When asked by Ward 1 City Council Member Jake Fee what would constitute going to an underground utility line, Reynolds reiterated that those decisions would be up to the Planning Commission and the council.
“Each of you could come up with a dozen ‘what ifs’ and it will have to be decided on (those) particular set of facts,” Reynolds explained.
Ward 3 City Council Member Clayton Briggs wondered if variance decisions would go case-by-case and Reynolds confirmed saying they will have general parameters.
“The council can say this is close enough,” Reynolds added. “It’s an individual decision.”
“Then we pick and choose,” Vedbraaten blurted. “We’re going back to that.”
“Like almost everything you decide on,” Reynolds answered.
During a June 2019 Planning Commission meeting, the Times reported there was a “preference” around the table to avoid passing an ordinance that’s “supposedly supposed to improve the appearance of commercial properties, only to grant a bunch of variances in the future.”
“You should never pass codes that set it up where we’ll be approving variances,” Fee said at that June meeting. “You go to all these training sessions, and they say you do the code right in the first place and don’t pass any variances.”
Ward 4 City Council Member Don Cavalier, at this week’s meeting, asked if the council didn’t have the Gateway Overlay guidelines what would happen and Reynolds said someone would just “come in” and use the property as they see fit, and challenge the city’s present parameters.

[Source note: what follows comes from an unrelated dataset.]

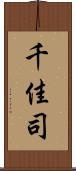 千佳司 Scroll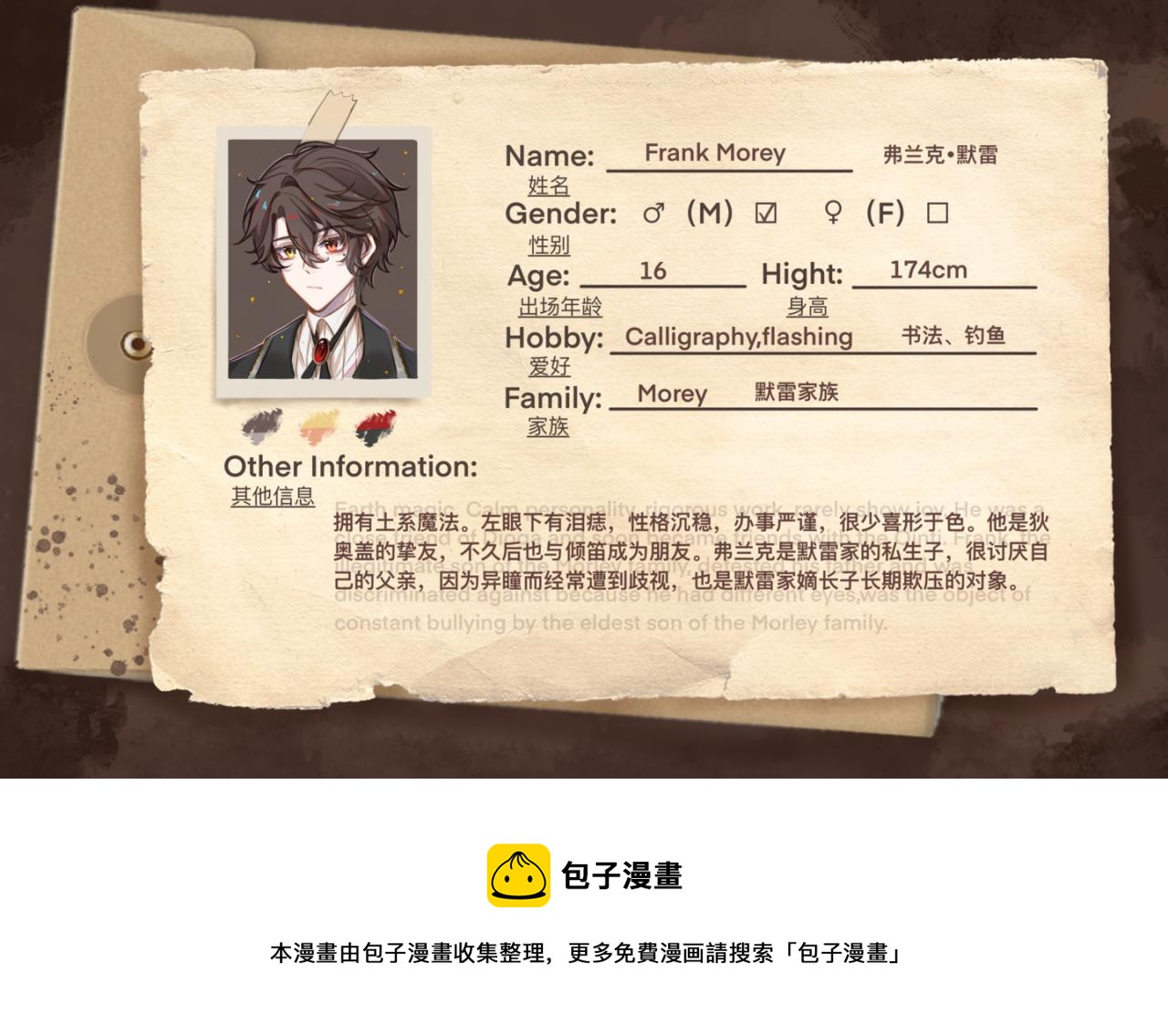 《平行界的预言书》02 蓝色矢车菊 第14页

The Gateway Overlay District, regulations on top of the city’s existing zoning regulations, will run along the city’s right-of-ways in many of the primary entrances to Crookston. The primary objective is gradual, long-term change and won’t impact current uses.
“Gateway overlay districts aren’t about forcing current property owners to make their properties conform to a certain appearance standard. Instead, gateway overlay districts exist in many communities in order to have a positive impact over the long-term, such as when a property in such a district is sold or otherwise changes hands, or the property’s use changes. When things like that happen, the property in its updated status is then required to be in compliance with the terms of the gateway overlay district,” a June 2018 Times story explained.
“It’s just improving places that most traffic is likely to be, the places more people are more likely to see,” said City Administrator Shannon Stassen at an early March 2018 Planning Commission meeting.
The Council first voted to approve the Gateway Overlay District in mid-May 2019, then, after a required public hearing was held and the proposal was to have its first reading, there was to be a scheduled second reading but that didn’t happen. It was sent back to the Planning Commission for further discussion. Council Member Vedbraaten vocalized that the community’s industrial park should not be included in the ordinance. Council Member Fee piggybacked the concerns touching on current business’ gravel parking lots saying that paving them would “devalue” some of those businesses. So, the Planning Commission took a “deeper dive” into the ordinance language.
In June 2019, the Planning Commission removed language related to “hard surface parking lots.”